Risk, success, and failure
A draft Less Wrong post circulated to the Overcoming Bias NYC mailing list, in the same series as “Levels of Action” and “Don’t Fear Failure.” The argument: in a society saturated with marketing, almost no one notices ordinary failures, so the expected value of trying more projects — even ones likely to fail — is positive.
Followup to Levels of Action and Don’t Fear Failure .
When you do something new, in addition to accomplishing your goal, you get more information about the techniques you can use to accomplish stuff — what works and what doesn’t. For instance, if you just got your driver’s license and are driving to work, you get to work on time. But you also gain information about how to drive, which will help the future you be a better driver. In terms of levels of action, doing something new on one level is also partly doing something on the level above that. If you work for Google and are reading a programming textbook, that’s a Level 2 action. But if this is your first programming textbook, it’s also a Level 3 action — because when you read it, you’re getting information about how programming textbooks work compared to other learning methods.

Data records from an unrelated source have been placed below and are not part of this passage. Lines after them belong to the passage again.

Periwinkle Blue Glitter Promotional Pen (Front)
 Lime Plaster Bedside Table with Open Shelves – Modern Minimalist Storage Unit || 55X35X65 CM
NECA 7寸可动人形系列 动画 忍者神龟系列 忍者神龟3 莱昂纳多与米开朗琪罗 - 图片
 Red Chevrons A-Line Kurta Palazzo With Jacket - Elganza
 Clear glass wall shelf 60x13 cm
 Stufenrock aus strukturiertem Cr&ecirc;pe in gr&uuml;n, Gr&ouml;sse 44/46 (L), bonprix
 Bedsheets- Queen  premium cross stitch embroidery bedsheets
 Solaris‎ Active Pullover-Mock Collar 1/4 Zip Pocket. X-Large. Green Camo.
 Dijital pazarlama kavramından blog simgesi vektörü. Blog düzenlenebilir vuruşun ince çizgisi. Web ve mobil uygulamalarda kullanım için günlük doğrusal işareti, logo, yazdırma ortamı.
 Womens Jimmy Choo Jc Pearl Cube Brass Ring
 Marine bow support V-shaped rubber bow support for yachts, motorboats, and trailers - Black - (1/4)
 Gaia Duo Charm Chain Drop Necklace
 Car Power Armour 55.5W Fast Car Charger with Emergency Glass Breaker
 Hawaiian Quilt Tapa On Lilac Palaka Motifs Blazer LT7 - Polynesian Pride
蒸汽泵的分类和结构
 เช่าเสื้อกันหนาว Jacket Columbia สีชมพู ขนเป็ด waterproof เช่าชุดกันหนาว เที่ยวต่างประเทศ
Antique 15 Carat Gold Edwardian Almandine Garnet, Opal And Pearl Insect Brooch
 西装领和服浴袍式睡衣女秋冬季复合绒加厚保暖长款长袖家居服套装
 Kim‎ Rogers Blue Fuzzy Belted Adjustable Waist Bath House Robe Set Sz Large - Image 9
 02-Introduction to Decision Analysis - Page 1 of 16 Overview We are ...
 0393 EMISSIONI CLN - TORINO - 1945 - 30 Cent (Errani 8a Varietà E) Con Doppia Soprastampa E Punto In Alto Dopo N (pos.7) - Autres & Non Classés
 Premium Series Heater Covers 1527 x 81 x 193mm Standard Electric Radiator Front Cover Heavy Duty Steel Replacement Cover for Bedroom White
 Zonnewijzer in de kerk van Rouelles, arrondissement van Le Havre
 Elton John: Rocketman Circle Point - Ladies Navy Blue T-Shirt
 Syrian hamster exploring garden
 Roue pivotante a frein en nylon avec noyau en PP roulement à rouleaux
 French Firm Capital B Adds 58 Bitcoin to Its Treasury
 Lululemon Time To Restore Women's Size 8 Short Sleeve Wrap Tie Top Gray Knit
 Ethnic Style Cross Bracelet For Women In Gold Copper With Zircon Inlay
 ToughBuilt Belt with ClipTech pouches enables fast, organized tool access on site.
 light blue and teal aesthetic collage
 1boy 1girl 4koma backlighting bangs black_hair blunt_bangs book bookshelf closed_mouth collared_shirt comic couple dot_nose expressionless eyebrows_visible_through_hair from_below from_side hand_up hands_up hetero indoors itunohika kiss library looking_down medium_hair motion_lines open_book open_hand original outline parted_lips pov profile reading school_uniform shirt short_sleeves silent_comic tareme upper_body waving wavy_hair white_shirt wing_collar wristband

However, there’s also a downside: the possibility of failure. If you’ve never done something before, and don’t really know what you’re doing, you’re likely to fail. I claim that, in most circumstances, the potential consequences of failure should largely just be ignored; you don’t lose anything, other than the resources you initially invested. But why is that?
As a first example, consider the beginning of Arnold Schwarzenegger’s Wikipedia page: Arnold Alois Schwarzenegger… is an Austrian American bodybuilder, actor, model, businessman, and politician, who is currently serving as the 38th Governor of California.
Schwarzenegger began weight-training at fifteen. He was awarded the title of Mr. Universe at age 22 and went on to win the Mr. Olympia contest a total of seven times…
Schwarzenegger gained worldwide fame as a Hollywood action film icon, noted for his lead role in such films as Conan the Barbarian and The Terminator …
As a Republican, he was first elected on October 7, 2003, in a special recall election to replace then-Governor Gray Davis… Schwarzenegger was then re-elected on November 7, 2006…
Schwarzenegger is married to journalist Maria Shriver. The two have four children.
The beginning of the article, all five paragraphs, is entirely about Arnold’s successes. None of his failures are even mentioned. I don’t know all that much about Arnold, but he must have had failures on the way to success — everyone does. But when one looks at the biographies of anyone famous, one discovers something interesting. For the most part, the only things that count when trying to accomplish something, in politics or science or business or art, are your successes — the things you did well. Your failures, the things you did badly, are very nearly irrelevant. People count the hits and forget the misses. You can see this pattern when you Google the biography of nearly any famous person — it’ll mostly be about the things they achieved, and not the things they failed to achieve. Why doesn’t the article talk about a high school club that Arnold did a bad job managing, for instance?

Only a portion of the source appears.